## Directions for this task
Every record must be repeated precisely as it stands.

## Material for the task
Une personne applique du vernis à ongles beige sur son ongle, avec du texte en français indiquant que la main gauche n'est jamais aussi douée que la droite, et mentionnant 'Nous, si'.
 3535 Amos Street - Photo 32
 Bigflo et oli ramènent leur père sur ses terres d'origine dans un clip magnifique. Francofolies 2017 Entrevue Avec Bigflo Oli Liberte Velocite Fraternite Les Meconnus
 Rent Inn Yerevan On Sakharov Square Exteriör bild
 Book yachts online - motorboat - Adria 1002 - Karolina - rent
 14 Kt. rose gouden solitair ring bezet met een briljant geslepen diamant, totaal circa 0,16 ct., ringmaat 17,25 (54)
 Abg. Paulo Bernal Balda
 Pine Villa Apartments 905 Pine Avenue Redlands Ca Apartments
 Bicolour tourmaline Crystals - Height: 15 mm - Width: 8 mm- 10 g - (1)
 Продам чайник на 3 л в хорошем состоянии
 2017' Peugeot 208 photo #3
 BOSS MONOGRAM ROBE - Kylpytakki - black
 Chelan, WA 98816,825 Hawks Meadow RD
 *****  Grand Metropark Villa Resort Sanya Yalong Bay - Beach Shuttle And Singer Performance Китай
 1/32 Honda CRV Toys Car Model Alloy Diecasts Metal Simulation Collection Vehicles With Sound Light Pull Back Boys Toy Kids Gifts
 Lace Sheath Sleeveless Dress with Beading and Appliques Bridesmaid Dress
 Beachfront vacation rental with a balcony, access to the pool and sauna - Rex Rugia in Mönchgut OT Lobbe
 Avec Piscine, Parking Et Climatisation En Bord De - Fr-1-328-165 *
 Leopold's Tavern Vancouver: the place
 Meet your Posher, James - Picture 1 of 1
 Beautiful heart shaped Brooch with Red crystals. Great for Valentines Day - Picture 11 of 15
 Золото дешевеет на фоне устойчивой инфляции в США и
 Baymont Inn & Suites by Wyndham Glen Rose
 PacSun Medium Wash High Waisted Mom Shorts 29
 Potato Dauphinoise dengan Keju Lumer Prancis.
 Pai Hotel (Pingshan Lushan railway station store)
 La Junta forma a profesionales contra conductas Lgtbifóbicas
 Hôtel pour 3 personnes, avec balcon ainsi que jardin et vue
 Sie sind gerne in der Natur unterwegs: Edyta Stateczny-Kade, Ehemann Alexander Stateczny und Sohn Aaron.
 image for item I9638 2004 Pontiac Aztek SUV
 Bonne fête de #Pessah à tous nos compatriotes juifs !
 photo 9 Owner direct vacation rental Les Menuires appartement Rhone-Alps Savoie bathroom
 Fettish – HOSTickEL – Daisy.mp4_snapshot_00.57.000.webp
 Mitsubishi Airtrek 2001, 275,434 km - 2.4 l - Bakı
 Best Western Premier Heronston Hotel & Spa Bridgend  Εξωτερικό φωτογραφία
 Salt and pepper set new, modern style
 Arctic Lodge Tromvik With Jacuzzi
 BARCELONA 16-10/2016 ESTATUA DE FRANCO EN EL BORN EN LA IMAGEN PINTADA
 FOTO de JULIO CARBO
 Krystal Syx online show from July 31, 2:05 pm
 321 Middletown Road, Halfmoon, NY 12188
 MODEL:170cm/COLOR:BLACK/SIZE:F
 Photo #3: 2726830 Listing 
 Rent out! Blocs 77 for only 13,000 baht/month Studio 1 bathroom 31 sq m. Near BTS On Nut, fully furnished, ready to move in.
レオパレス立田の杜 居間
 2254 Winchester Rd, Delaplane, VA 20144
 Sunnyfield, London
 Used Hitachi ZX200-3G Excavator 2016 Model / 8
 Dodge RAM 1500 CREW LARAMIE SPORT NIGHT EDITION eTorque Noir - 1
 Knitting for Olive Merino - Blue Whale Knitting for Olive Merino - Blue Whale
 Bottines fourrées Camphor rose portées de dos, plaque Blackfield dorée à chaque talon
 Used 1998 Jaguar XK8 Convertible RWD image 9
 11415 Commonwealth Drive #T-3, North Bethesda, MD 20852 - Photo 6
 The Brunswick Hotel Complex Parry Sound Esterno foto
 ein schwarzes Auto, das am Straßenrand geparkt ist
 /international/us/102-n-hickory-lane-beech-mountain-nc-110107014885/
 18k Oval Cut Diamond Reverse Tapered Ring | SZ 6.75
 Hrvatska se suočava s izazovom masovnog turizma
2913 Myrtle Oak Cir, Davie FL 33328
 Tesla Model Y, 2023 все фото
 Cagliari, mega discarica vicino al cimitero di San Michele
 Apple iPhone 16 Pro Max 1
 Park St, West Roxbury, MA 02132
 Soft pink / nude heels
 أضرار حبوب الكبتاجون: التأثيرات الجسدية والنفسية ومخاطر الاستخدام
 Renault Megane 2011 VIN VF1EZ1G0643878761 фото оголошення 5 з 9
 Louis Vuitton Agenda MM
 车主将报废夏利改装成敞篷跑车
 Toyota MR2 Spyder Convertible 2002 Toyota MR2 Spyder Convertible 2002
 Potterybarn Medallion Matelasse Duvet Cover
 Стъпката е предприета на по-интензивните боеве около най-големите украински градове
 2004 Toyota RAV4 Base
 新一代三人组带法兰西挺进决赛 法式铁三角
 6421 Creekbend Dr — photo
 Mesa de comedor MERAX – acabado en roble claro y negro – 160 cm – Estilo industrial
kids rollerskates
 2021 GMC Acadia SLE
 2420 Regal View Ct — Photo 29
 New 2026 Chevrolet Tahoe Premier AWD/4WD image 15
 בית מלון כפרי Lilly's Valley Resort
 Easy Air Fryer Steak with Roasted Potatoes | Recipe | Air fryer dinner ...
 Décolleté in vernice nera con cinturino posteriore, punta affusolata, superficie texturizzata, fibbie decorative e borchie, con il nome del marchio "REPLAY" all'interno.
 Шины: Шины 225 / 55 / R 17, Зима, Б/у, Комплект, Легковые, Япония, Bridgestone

## Response box
Une personne applique du vernis à ongles beige sur son ongle, avec du texte en français indiquant que la main gauche n'est jamais aussi douée que la droite, et mentionnant 'Nous, si'.
 3535 Amos Street - Photo 32
 Bigflo et oli ramènent leur père sur ses terres d'origine dans un clip magnifique. Francofolies 2017 Entrevue Avec Bigflo Oli Liberte Velocite Fraternite Les Meconnus
 Rent Inn Yerevan On Sakharov Square Exteriör bild
 Book yachts online - motorboat - Adria 1002 - Karolina - rent
 14 Kt. rose gouden solitair ring bezet met een briljant geslepen diamant, totaal circa 0,16 ct., ringmaat 17,25 (54)
 Abg. Paulo Bernal Balda
 Pine Villa Apartments 905 Pine Avenue Redlands Ca Apartments
 Bicolour tourmaline Crystals - Height: 15 mm - Width: 8 mm- 10 g - (1)
 Продам чайник на 3 л в хорошем состоянии
 2017' Peugeot 208 photo #3
 BOSS MONOGRAM ROBE - Kylpytakki - black
 Chelan, WA 98816,825 Hawks Meadow RD
 *****  Grand Metropark Villa Resort Sanya Yalong Bay - Beach Shuttle And Singer Performance Китай
 1/32 Honda CRV Toys Car Model Alloy Diecasts Metal Simulation Collection Vehicles With Sound Light Pull Back Boys Toy Kids Gifts
 Lace Sheath Sleeveless Dress with Beading and Appliques Bridesmaid Dress
 Beachfront vacation rental with a balcony, access to the pool and sauna - Rex Rugia in Mönchgut OT Lobbe
 Avec Piscine, Parking Et Climatisation En Bord De - Fr-1-328-165 *
 Leopold's Tavern Vancouver: the place
 Meet your Posher, James - Picture 1 of 1
 Beautiful heart shaped Brooch with Red crystals. Great for Valentines Day - Picture 11 of 15
 Золото дешевеет на фоне устойчивой инфляции в США и
 Baymont Inn & Suites by Wyndham Glen Rose
 PacSun Medium Wash High Waisted Mom Shorts 29
 Potato Dauphinoise dengan Keju Lumer Prancis.
 Pai Hotel (Pingshan Lushan railway station store)
 La Junta forma a profesionales contra conductas Lgtbifóbicas
 Hôtel pour 3 personnes, avec balcon ainsi que jardin et vue
 Sie sind gerne in der Natur unterwegs: Edyta Stateczny-Kade, Ehemann Alexander Stateczny und Sohn Aaron.
 image for item I9638 2004 Pontiac Aztek SUV
 Bonne fête de #Pessah à tous nos compatriotes juifs !
 photo 9 Owner direct vacation rental Les Menuires appartement Rhone-Alps Savoie bathroom
 Fettish – HOSTickEL – Daisy.mp4_snapshot_00.57.000.webp
 Mitsubishi Airtrek 2001, 275,434 km - 2.4 l - Bakı
 Best Western Premier Heronston Hotel & Spa Bridgend  Εξωτερικό φωτογραφία
 Salt and pepper set new, modern style
 Arctic Lodge Tromvik With Jacuzzi
 BARCELONA 16-10/2016 ESTATUA DE FRANCO EN EL BORN EN LA IMAGEN PINTADA
 FOTO de JULIO CARBO
 Krystal Syx online show from July 31, 2:05 pm
 321 Middletown Road, Halfmoon, NY 12188
 MODEL:170cm/COLOR:BLACK/SIZE:F
 Photo #3: 2726830 Listing 
 Rent out! Blocs 77 for only 13,000 baht/month Studio 1 bathroom 31 sq m. Near BTS On Nut, fully furnished, ready to move in.
レオパレス立田の杜 居間
 2254 Winchester Rd, Delaplane, VA 20144
 Sunnyfield, London
 Used Hitachi ZX200-3G Excavator 2016 Model / 8
 Dodge RAM 1500 CREW LARAMIE SPORT NIGHT EDITION eTorque Noir - 1
 Knitting for Olive Merino - Blue Whale Knitting for Olive Merino - Blue Whale
 Bottines fourrées Camphor rose portées de dos, plaque Blackfield dorée à chaque talon
 Used 1998 Jaguar XK8 Convertible RWD image 9
 11415 Commonwealth Drive #T-3, North Bethesda, MD 20852 - Photo 6
 The Brunswick Hotel Complex Parry Sound Esterno foto
 ein schwarzes Auto, das am Straßenrand geparkt ist
 /international/us/102-n-hickory-lane-beech-mountain-nc-110107014885/
 18k Oval Cut Diamond Reverse Tapered Ring | SZ 6.75
 Hrvatska se suočava s izazovom masovnog turizma
2913 Myrtle Oak Cir, Davie FL 33328
 Tesla Model Y, 2023 все фото
 Cagliari, mega discarica vicino al cimitero di San Michele
 Apple iPhone 16 Pro Max 1
 Park St, West Roxbury, MA 02132
 Soft pink / nude heels
 أضرار حبوب الكبتاجون: التأثيرات الجسدية والنفسية ومخاطر الاستخدام
 Renault Megane 2011 VIN VF1EZ1G0643878761 фото оголошення 5 з 9
 Louis Vuitton Agenda MM
 车主将报废夏利改装成敞篷跑车
 Toyota MR2 Spyder Convertible 2002 Toyota MR2 Spyder Convertible 2002
 Potterybarn Medallion Matelasse Duvet Cover
 Стъпката е предприета на по-интензивните боеве около най-големите украински градове
 2004 Toyota RAV4 Base
 新一代三人组带法兰西挺进决赛 法式铁三角
 6421 Creekbend Dr — photo
 Mesa de comedor MERAX – acabado en roble claro y negro – 160 cm – Estilo industrial
kids rollerskates
 2021 GMC Acadia SLE
 2420 Regal View Ct — Photo 29
 New 2026 Chevrolet Tahoe Premier AWD/4WD image 15
 בית מלון כפרי Lilly's Valley Resort
 Easy Air Fryer Steak with Roasted Potatoes | Recipe | Air fryer dinner ...
 Décolleté in vernice nera con cinturino posteriore, punta affusolata, superficie texturizzata, fibbie decorative e borchie, con il nome del marchio "REPLAY" all'interno.
 Шины: Шины 225 / 55 / R 17, Зима, Б/у, Комплект, Легковые, Япония, Bridgestone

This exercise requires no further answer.